ハプニング芸術と言えば、一般には醜悪・危険・難解と三拍子揃って語られる印象があるが、そうした印象を形作ったのは読売アンパンの“功績”と言えるだろう。そうしたわけの分からない芸術家たちの中でも、とりわけダダカンは別格扱いだったようだ。同書で赤瀬川はこう書いている。
〈いつも見るのは、糸井貫二の作品である。どこかの村外れの廃屋から外してきたような薄汚れた板で、祠のような小屋のようなものがしつらえてある。中をのぞくと薄暗い中に週刊誌からち切ったような、粗末な印刷のカラーのヌード写真。ふっと空気に触れて皮膚がただれるような、衛生博覧会的な雰囲気。(中略)はじめは名前もわからなかった。それが猥褻なのか神聖なのか、芸術であるのかどうかもわからず、読売アンデパンダンの一つの代表的な印象となっている。〉
●宮城輝夫氏(画家)の談話
ダダカンさんは、パフォーマンスやハプニングに関しては、日本での草分け的存在ですね。そういう才能を彼は自然に持ってるんです。心の内から沸き起こってきて、誰の真似をするわけでもない。

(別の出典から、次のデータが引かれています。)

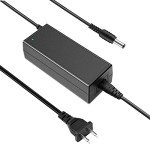 42V 2A Charger for GOTRAX Electric Scooters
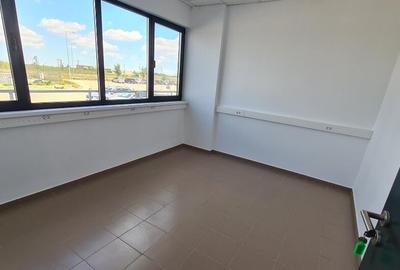 Inchiriez hala zona Calea Timisorii - ID : RH-40627-property - 10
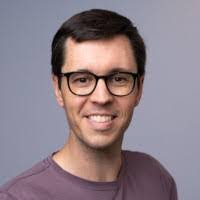 Nicholas Carden's Instagram, Twitter & Facebook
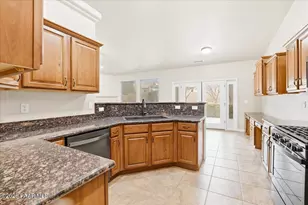 5614 N Ardmore Ave, Prescott Valley, AZ 86314 - Photo 7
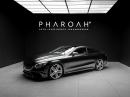Thumbnail Mercedes-Benz S-Class S65 coupe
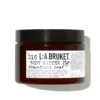 L:A Bruket Body Butter Crème Riche Feuille De Pamplemousse 216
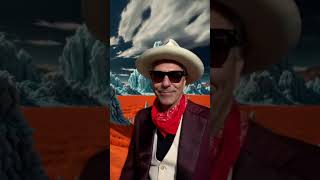 Download lagu Melbourne Ska Orchestra - Spring In My Step mp3 Download lagu Melbourne Ska Orchestra - Spring In My Step mp3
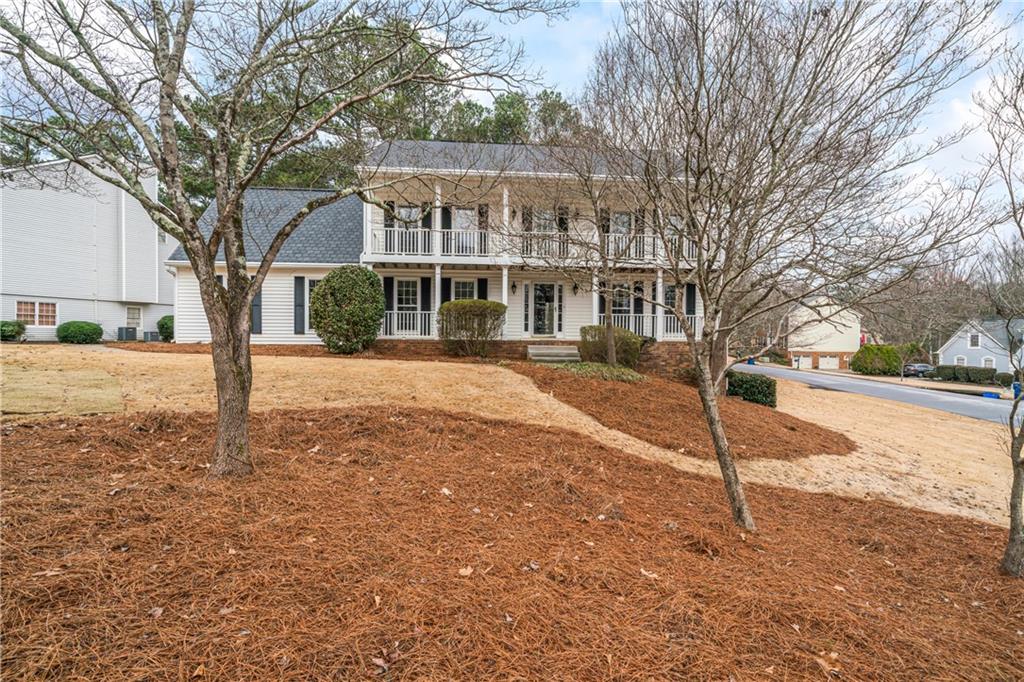 370 Sarah Lane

彼は前衛的な作品を作る若い人が大好きでね。誰かの個展に顔を出して、気に入った絵がないと、何も言わずにスーッと会場を出ていっちゃう。気に入ると、その場で「儀式」をやるんです。
突如始まるんですよ、儀式が。
彼は背広もズボンも靴も、全部黒づくめでね。ホワイトシャツを着て、ジェントルマンの恰好をしてくる。持っている鞄を開けて、紫の風呂敷をとりだして、サッと会場の床に敷くんです。
それで上着をパッと脱ぐんだけど、そしたら前だけがシャツで、背中の側は裸なの(笑)。ズボンも靴も脱ぐ。フンドシもとっちゃう。それでペニスの亀頭の部分に赤いリボンが結んであったりするんです。だから会場にいる普通のお客さんは目を伏せてしまうんですよ(笑)。
それから鞄から卵を三つ出して並べたりする。こんな儀式を何回か見ました。七〇年ぐらいかな。万博の直前ぐらい。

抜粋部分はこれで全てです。